Where direct stocks are selected, analysis is carried out on these companies including the financial and non-financial performance, risk, capital structure and corporate strategy. We use a wide variety of sources including company meetings, company reporting, broker research, industry reports and in-house research. The portfolio management team monitor the public statements of investee companies through financial information platforms like Bloomberg and Factset, financial statements and regulatory announcements, reports and accounts. Citi Investment Management’s portfolio managers access to a specialist research provider for environmental, social and governance (‘ESG’) issues, is the main tool for monitoring these risks.

When we appoint third party managers in our investment strategies, they monitor investee companies on their strategy, capital structure, financial and non-financial performance and risk. We review the third party managers’ research process, portfolio construction, sell discipline and risk management process to ensure that these processes incorporate monitoring of investee companies’ strategy, capital structure, financial and non-financial performance and risk. Third party managers are assessed and researched by Citi Private Bank’s Investment Manager Research team and approved (for use in discretionary portfolios) by the Manager Access and Review Committee.

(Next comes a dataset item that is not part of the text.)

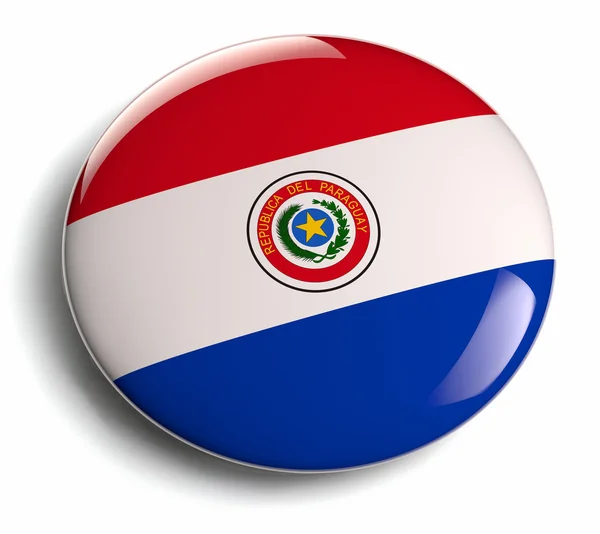 Paraguay — Stock Fotó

Our approach for third party managers in relation to ESG is to add, via Citi Private Bank’s Investment Manager Research team, what we believe are best in class ESG-oriented or focused strategies, by asking associated ESG questions during our due diligence process. The responses to these questions are a key consideration in ESG manager searches. We also ask these questions in non-ESG orientated manager searches although the related responses are not a critical decision parameter in these cases. We believe that incorporating ESG considerations in a manager’s approach is likely to enhance returns and reduce risk in addition to producing better outcomes for society and the planet.

Conducting dialogue with investee companies and communicating with relevant stakeholders of the investee companies

We assess the information third party managers gather to make their investment decisions, its quality and depth and the judgement the managers use in making investment decisions. This may include dialogue with the investee companies depending on the nature of the investment strategy, number of holdings and structure of the manager.

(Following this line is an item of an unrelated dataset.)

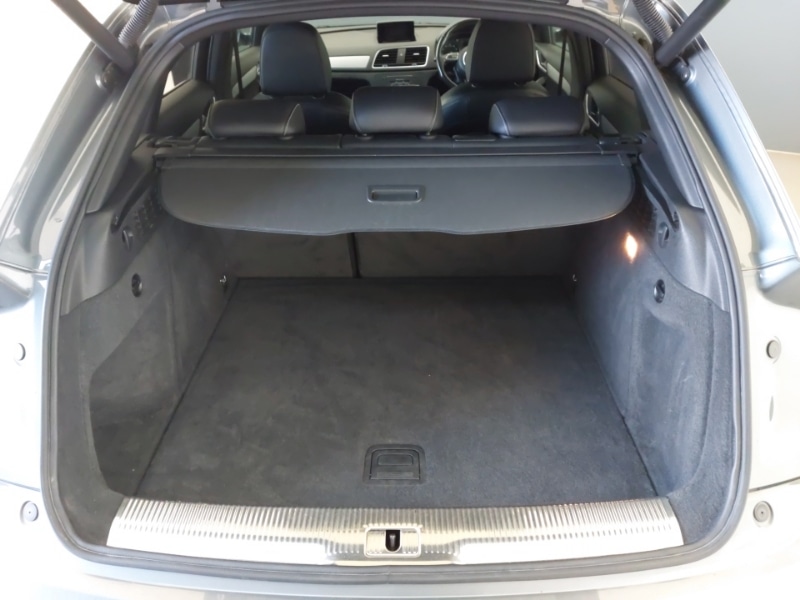 Used Audi Q3 2016 for sale - 77073577: Photo 8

We do not currently liaise directly with other stakeholders because CIM does not currently hold significant positions in any companies. However, we do support the principle of collaborative engagement. Where stakeholders’ rights are likely to have a significant impact on the fortunes of investee companies such factors are taken into account via our ESG analysis.

Exercising voting rights and other rights attached to shares, cooperation with other shareholders and management of actual and potential conflicts of interests in relation to the firm’s engagement

Institutional Shareholder Services is retained for the management of the voting process and acts as the voting agent for the securities held in portfolios managed by CIM.

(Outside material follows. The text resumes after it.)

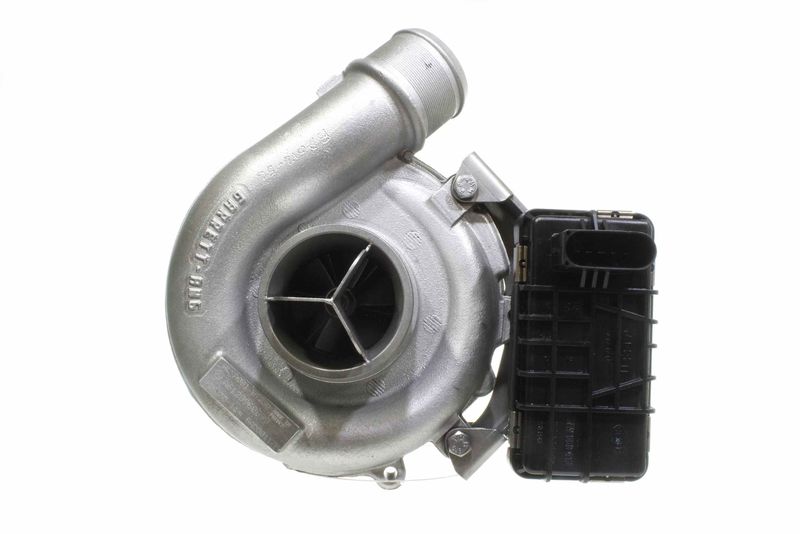 Repasované turbodmychadlo Garrett 729355-5003S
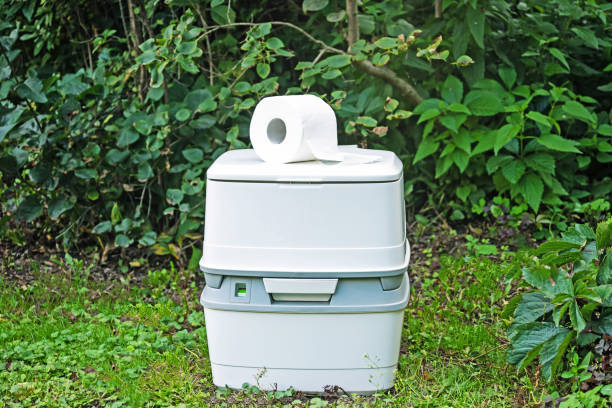 Best Long-term porta potty rental  in Joshua, TX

This allows us to take advantage of the extensive research carried out by ISS and our default instruction gives ISS consent to vote on our behalf in line with their expert recommendation.

Find more information about ISS here.

Where CIM does exercise its discretion to vote for or against a particular proposal or co-operate with other shareholders, it will be in a manner consistent with its relevant underlying clients’ best interests and when not in violation of anti-trust or any other laws or CIM policies. Any actual or potential conflict of interest that may arise would be managed in line with Citibank N.A., London Branch’s conflict of interest policy and standard, which is updated on an annual basis.